Around this time, a new student could come to stay at Xavier’s school. Kitty Pryde seems the obvious choice here as that’s what she was created for, and she was the point-of-view character for much of Astonishing X-Men. Given this approach, Magneto could also send the mutant assassin Wolverine to infiltrate and undermine Xavier’s school, and especially the team that’s being put together to oppose the Brotherhood.
The Brotherhood’s aggressions could then force Xavier’s students out of the shadows. Taking a page from Astonishing (and some other stories), they might decide to appropriate the iconography of superheroes (the Avengers) to present themselves as something the public knows and loves.
The team would then set out to oppose the Brotherhood. At a crucial moment, after spending time with the X-Men and learning about Xavier’s dream, Wolverine could then switch sides and help the X-Men to defeat the Brotherhood (another beat from Ultimate X-Men). Magneto would obviously escape, putting him on the path to becoming the most complex and conflicted villain in the MCU since Loki.
The film could then end with a scene taken straight from New X-Men, one that echoes the endings of Iron Man and Black Panther. Charles Xavier holds a press conference and tells a television audience, “My name is Charles Xavier, also known as Professor X. And I am a mutant,” revealing himself and his mutant school to the world.
This approach seems very true to what modern X-Men comics have been as well as how Marvel Studios does things. Beside Professor X, Magneto, Wolverine, and maybe Kitty Pryde, there’s room to insert almost any character into the plotline. Storm has a history with Black Panther in the comics. This could be used to introduce her early in a Black Panther movie or to connect the two later, though it’s important to her character arc that Storm’s meeting with T’Challa and exposure to Wakanda not undercut Professor X’s request for her to leave her tribe to share her gifts with the world.

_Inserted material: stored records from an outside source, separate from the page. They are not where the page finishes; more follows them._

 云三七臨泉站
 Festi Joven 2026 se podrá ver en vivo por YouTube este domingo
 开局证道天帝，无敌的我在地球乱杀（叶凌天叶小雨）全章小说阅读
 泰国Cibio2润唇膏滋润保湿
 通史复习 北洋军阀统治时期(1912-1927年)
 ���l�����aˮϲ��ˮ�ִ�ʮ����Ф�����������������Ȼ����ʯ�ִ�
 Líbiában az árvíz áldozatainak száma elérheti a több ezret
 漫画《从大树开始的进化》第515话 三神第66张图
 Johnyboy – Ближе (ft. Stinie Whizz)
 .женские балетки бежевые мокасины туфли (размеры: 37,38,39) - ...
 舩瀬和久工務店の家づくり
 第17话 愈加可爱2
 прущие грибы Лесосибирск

As another example, Rogue is a key character in the life of Carol Danvers. She could be introduced in a Captain Marvel sequel and then, regretting her actions, serve as the point-of-view new student in the X-Men movie, (though this may be too similar to how the original X-Men movies went about things. Alternatively, she could take Wolverine’s place as the Brotherhood’s plant within the Xavier school if Marvel Studios would rather introduce Wolverine as a solo hero, which seems like a reasonable possibility.
And if you’re wondering how the X-Men may look physically in the Marvel Cinematic Universe, look to John Cassaday’s costume designs in Astonishing X-Men. The way he blends traditional superhero aesthetic with modern practicality, adding seams and texture to give the costumes more weight than simple “yellow spandex,” would be right at home with the Marvel Studios approach to costume design.
This is just one projection of how the X-Men can work in the MCU. It would avoid breaking the universe’s continuity, and also allows the X-Men to fit in with the Marvel Studios’ style of superhero storytelling without sacrificing their metaphorical value. It may be years before we see mutants in the Marvel Cinematic Universe, but just considering it reveals the potential therein.